More by: David Blankenhorn

Totalitarian governments are largely sustained by public lying. Our greatest teacher on this topic is Vaclav Havel, the playwright and former dissident who is now president of the Czech Republic.

One of Havels basic insights was that communism could not survive without constant official mendacity and the public's passive cooperation with it. The power to overturn communism did not ultimately flow from power politics or the barrel of a gun, but instead from what Havel simply and brilliantly called "living in truth."

Conversely, more than any other form of government, democracy requires truth telling. Why?
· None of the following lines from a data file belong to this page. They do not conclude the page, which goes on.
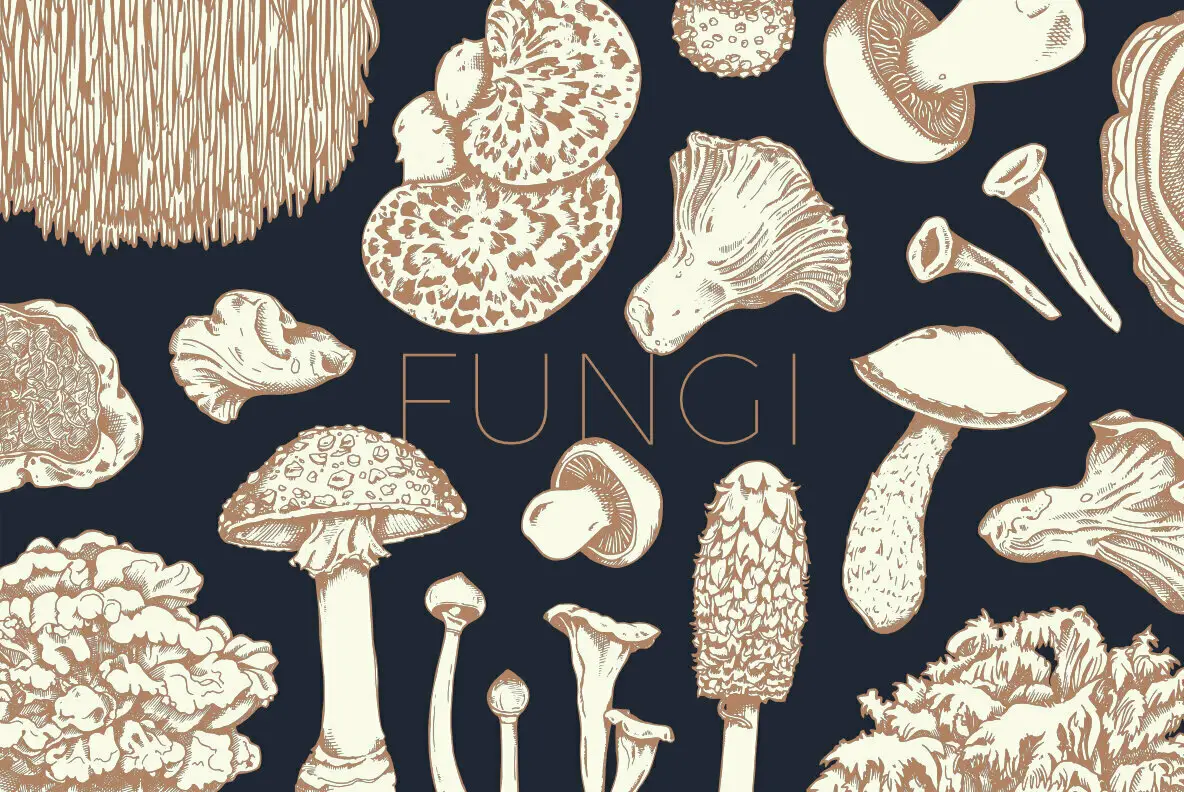 Fungi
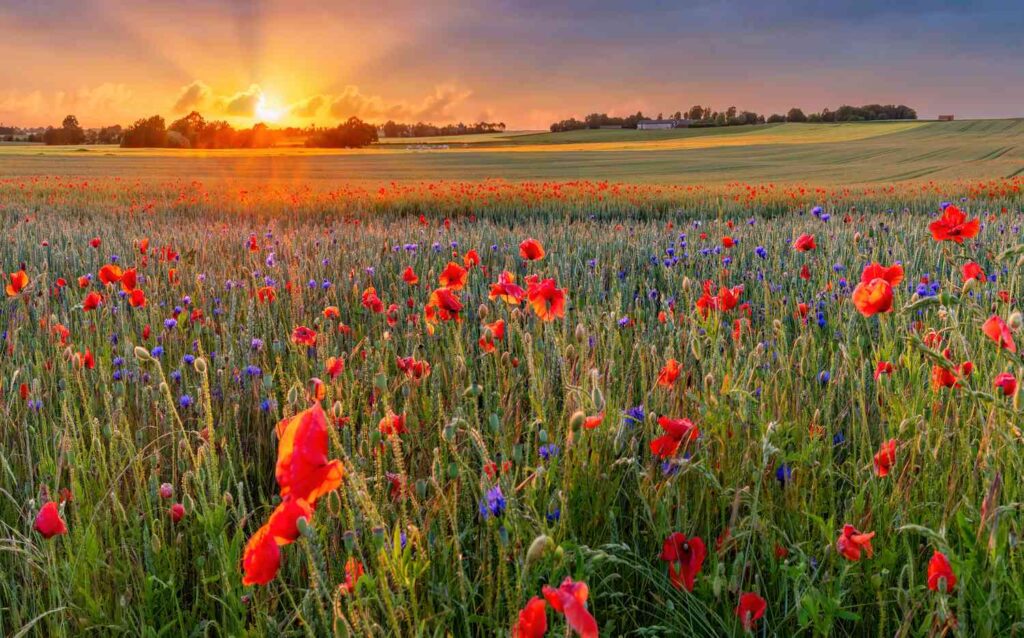 Explorando la elegancia floral: Los mejores arreglos florales para iluminar tu verano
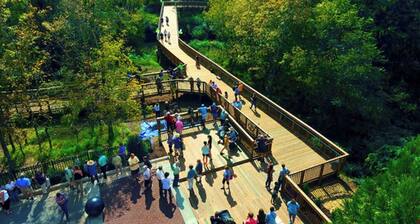 Charming Gem in Historic West Hillsborough 1366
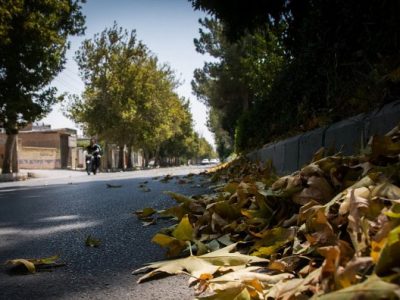 عکس نوشت| پاییز زودرس به جان درختان چنار اصفهان افتاد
Because the fundamental moral rationale for democracy is the belief that listening to each other, and reasoning together, can help us to discern a common reality, a broader and more accurate understanding of the way things are. Public lying – an issue raised in President Bill Clinton's current difficulties – makes a mockery of that democratic hope.

By destroying trust in each other and trust that civic participation is an understandable and therefore rational activity, public lying undermines the foundations of self-governance. For this reason, the highest possible offense against democracy, other than direct treason, is public lying.
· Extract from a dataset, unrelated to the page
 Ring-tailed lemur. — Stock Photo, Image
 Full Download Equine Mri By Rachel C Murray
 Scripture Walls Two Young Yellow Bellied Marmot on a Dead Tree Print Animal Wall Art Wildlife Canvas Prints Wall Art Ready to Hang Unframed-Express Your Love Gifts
In some circumstances, lying is acceptable and even desirable. Most of these exceptions concern our private lives and involve matters of courtesy. For example, if I meet an old friend who has gained weight and is wearing an ugly dress, it is proper for me to say, untruthfully, "You look great." If I am confident that I am the smartest person in the room, and you ask me, "Who do you think is the smartest person in the room?" it is proper for me to be evasive or untruthful in my answer.
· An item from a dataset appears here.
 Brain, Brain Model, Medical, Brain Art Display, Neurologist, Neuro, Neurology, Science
But a key moral justification for the "good" private lie is that the lie must be selfless, usually a way of modestly shifting praise or advantage or credit away from myself. The opposite kind of justification is almost never acceptable; virtually all self-interested lies are morally wrong.

More generally, from a democrat's perspective, private lying is merely harmful – a betrayal of those being lied to, possibly an indicator of a more general willingness to lie and certainly a bad example to set for children. But public lying in a democracy is lethal. It is lying to everybody at the same time, in a premeditated way, as a civic act, operating from one's authority as a democratic leader.

The worst form of public lying is lying under oath – when I formally swear to my fellow citizens and to God to tell the truth, no matter what. Under oath, there is no such thing as a good or private lie, even in the case of the fat friend in an ugly dress or as regards who is the smartest person in the room. Being "sworn in" is a democracy's highest and most solemn enshrinement of the norm of truth telling. To violate that oath is to attack the democratic idea. In Clinton's case, he and his defenders have developed a clear argument. Their proposition is that a president should not be removed from office for public lying repeatedly, including under oath, if the president believes that telling the truth would have exposed him to unfair political attack and unjustified invasions of privacy.

From this basic premise flow all the other supporting ideas. That everybody lies, especially politicians, especially about sex. (If everybody does it, it can't be so bad.) That some public lies are more acceptable than others. That whatever is legally non-actionable is "private" and thus beyond the reach of formal political punishment.

That technically true deceptions, statements clearly intended to deceive but containing well-hidden linguistic escape clauses that can be brought forward when and if the deception is uncovered constitute telling the truth. And, most of all, that politics trumps morality; that political success is ultimately more important than telling the truth.

To accept this proposition and these supporting ideas would be to accept the practicality of public lying in a democracy. I have three young children. From this sad episode, they will learn in the coming weeks either that public lying is acceptable in our society or that it is not.